What is it about cantaloupes? The answer may be simpler than you think!
But first, you should know about the current cantaloupe recall.
The U.S. Food and Drug Administration announced a recall for cantaloupes on September 6, 2024.
Eagle Produce LLC of Scottsdale, Arizona issued a recall for 224 cases of whole cantaloupe due to potential contamination with the health risk, Salmonella.
Kandy Whole Cantaloupe
UPC 4050
Lot Code 846468
Recalled products include whole cantaloupe with a red and white sticker labeled across the top Kandy with UPC 4050. No other products or lot codes are subject to recall at this time.
Affected products were distributed between August 13, 2024 and August 17, 2024 to the states of Michigan, Missouri, Ohio, Texas, and Virginia. These cantaloupes were sold in various retail supermarkets.
The recall was initiated following results of routine sample testing conducted by the State of Michigan. Laboratory results indicated the presence of Salmonella bacteria in cantaloupe sold at retail.
If cantaloupe and Salmonella in the same sentence sounds familiar, you aren’t imagining it. Last year a massive multi state outbreak leading to a ever expanding recall of both whole and cut cantaloupe hit the news in November 2023.
In total, there were 407 illnesses that resulted in 158 hospitalizations and 6 deaths across 44 states.
The culprit? Whole fresh cantaloupes from Mexico. A recall was initiated for “Malichita” and “Rudy” whole fresh cantaloupes packaged in TruFresh, Crown Jewels Produce, and Pacific Trellis boxes.
This recall also impacted certain fresh cut melons and packages containing them as well.
In addition to the awful Salmonella cantaloupe outbreak in 2023, several other outbreaks over the years have been experienced with this pathogen/food combination.
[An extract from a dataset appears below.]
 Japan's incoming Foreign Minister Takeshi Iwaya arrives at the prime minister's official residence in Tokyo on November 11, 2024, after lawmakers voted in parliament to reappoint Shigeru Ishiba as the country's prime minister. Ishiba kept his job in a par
A frequent occurrence of Salmonella and cantaloupe outbreak occurrence has sparked interest over the years with growers looking for ways to minimize risk of contamination. University of California, Davis published a paper on behalf of the California Cantaloupe Advisory Board to help melon growers mitigate risks in an effort to reduce Salmonella cantaloupe outbreak occurrences.
Despite this paper being published in 2004, as you have seen, outbreaks still happen.
But why?
Turns out, the increase in contamination risk has a lot to do with the structure of the fruit.
Consumer washing habits are also contributing factors.
Two factors of the structure of the cantaloupe affect contamination risk.
First, the texture of the outside rind of a cantaloupe makes it a great place for germs to grow. “The netted rind on cantaloups can provide spaces for bacteria, yeast, and mold spores to settle and escape from contact with applied disinfectant chemicals, detergents, and other treatments intended to clean them from the melon surface.”
Ground spots are also a structural factor. Ground spots are the places where the fruit stays in contact with the ground. You may notice a slight discoloration in one spot of the fruit. If the melon is not turned regularly, it has longer contact with the ground. This is the case for large produce manufacturers. This ground spot creates a thinner, more undeveloped outer rind in that area. Leaving it more vulnerable to breach with germs potentially found in the soil and irrigation water.
According to the report, the timing of melon washing can impact the overall risk of contamination.
”Although melon washing may ultimately be conducted safely within commercial packing operations, the best time to wash cantaloupes is immediately before food preparation and as close to consumption as possible.”
Melons are often cleaned by the producer, but a wash step should be performed by the consumer close to the time it is eaten.
Unfortunately, most people do not think about washing hard skinned fruits like cantaloupe and watermelon. Don’t get me started on avocado.
Most consumers think that if you aren’t eating the rind, you don’t need to wash it.
That couldn’t be further from the truth.
While you may not be eating the rind or outer skin, if the fruit is cut there is risk of contamination. Any germs on the outside of the rind are pulled into the flesh by way of the knife as it slices though. The only way to prevent this from happening is to protect yourself and your family by washing it first.
Even melons!
If you have eaten cantaloupe and start to feel sick, you may be wondering if you have been infected with Salmonella.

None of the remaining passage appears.